Some sludge is also due to risk aversion. Much of sludge comes from having to give people information. If you are requesting information, it’s very easy to ask for irrelevant pieces of data that will be relevant 0.1% of the time. In a way, sludge is created by asymmetry between the person asking for the information (who doesn’t think about) and the person who must actually fill it out. But the sludge-creator is likely responding to sludge that is being thrown at them!
I wish he spoke more about sludge within organizations and companies (much of the book is focused on government programs, which is still interesting). Sludge slows companies down and makes it harder to make decisions and execute. Sometimes this is intentional, if a company wants to avoid change. But often it’s not and it’s a reason people leave large or bureaucratic organizations.
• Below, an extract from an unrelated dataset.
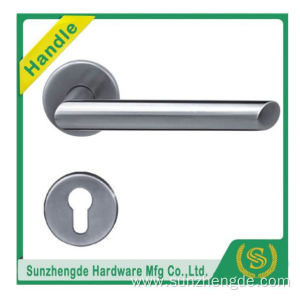 SZD STH-112 Modern Stylish Brushed Stainless Lever Door Handle Pair On Rose Set+Escutcheon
Sludge within companies is particularly hard to eradicate for a few reasons:
The people in positions of power are often insulated from the sludge or have people to handle it for them (though this also applies to government, as most congresspeople are not applying for food stamps or international student visas)
Relatedly, if you are optimizing for career success, it’s probably better to save your boss 60 minutes a week than save 1,000 people 5 minutes a week
It’s often deeply embedded as a result of kludgey processes and genuinely hard to replace (e.g., legacy IT systems that don’t talk to each other)
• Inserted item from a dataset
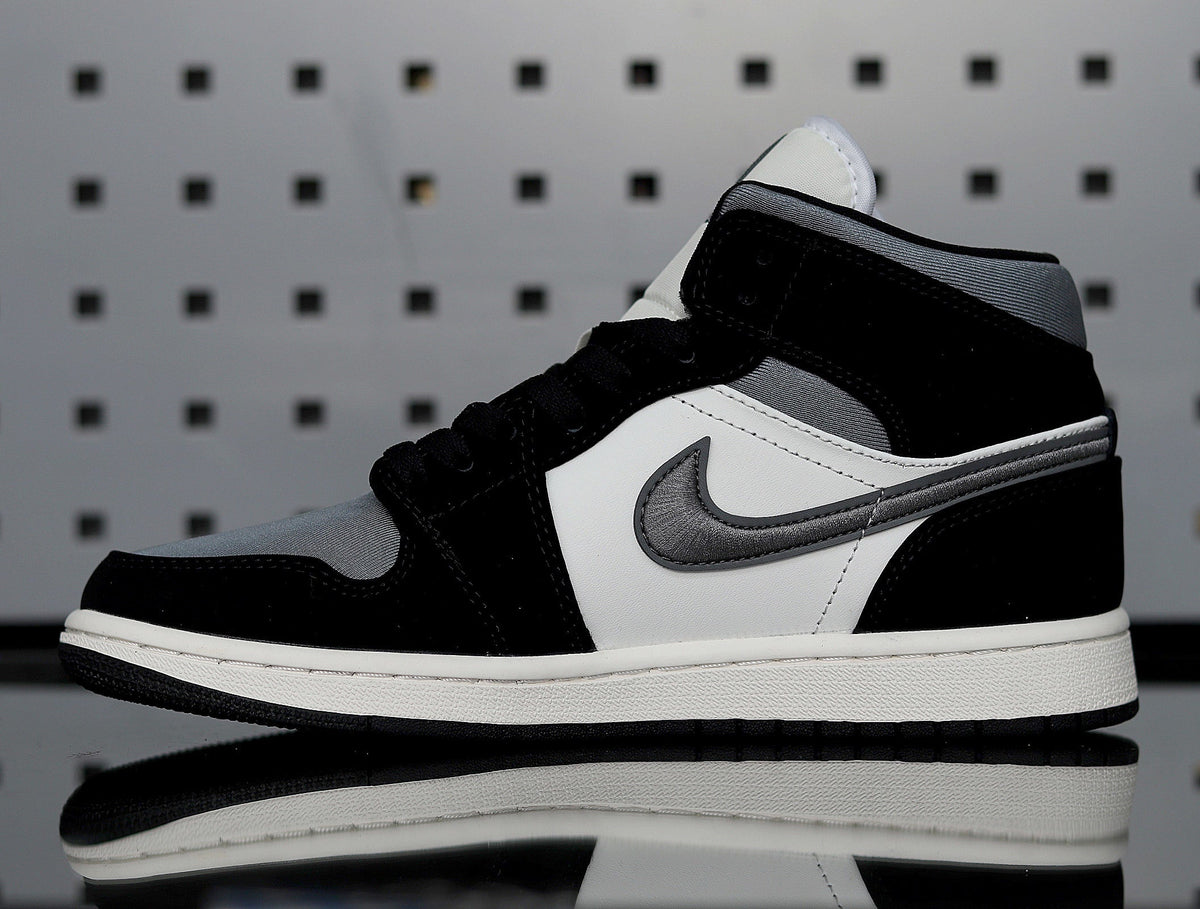 Jordan 1 Retro High OG Sneakers in Black White 852542-011 - product image from the listing.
General risk aversion and more comfort adding requirements v. removing them. Companies also do have legitimate risks they need to mitigate (e.g., you can’t let people download any software they want in this age of cybersecurity concerns and hacking).
That being said, companies capture tremendous value in general by eliminating sludge and being easy to work with. Amazon makes it easy to buy anything and do it quickly. Carbon Health allow you to schedule a doctor’s appointments instantly without waiting a month to see a new primary care doctor. Consumers hate sludge and reward companies which eliminate it. This skill - which I’d broadly define as being easy to work with - also has benefits in your personal life and on your reputation as a professional. It was captured really nicely in a podcast I listened to:
The skill that’s been really top of mind for me right now is the ability to save other people time. Basically, what I mean is there’s certain people that go about their lives, I try to be like this, but they just operate in a way that requires less of everybody else for the equivalent amount of success in that relationship, right?
I enjoyed the book, but don’t expect anything particularly meaty or involved. Would love to read a version of this more focused on private organizations and that was more in-depth: “How to get things done.”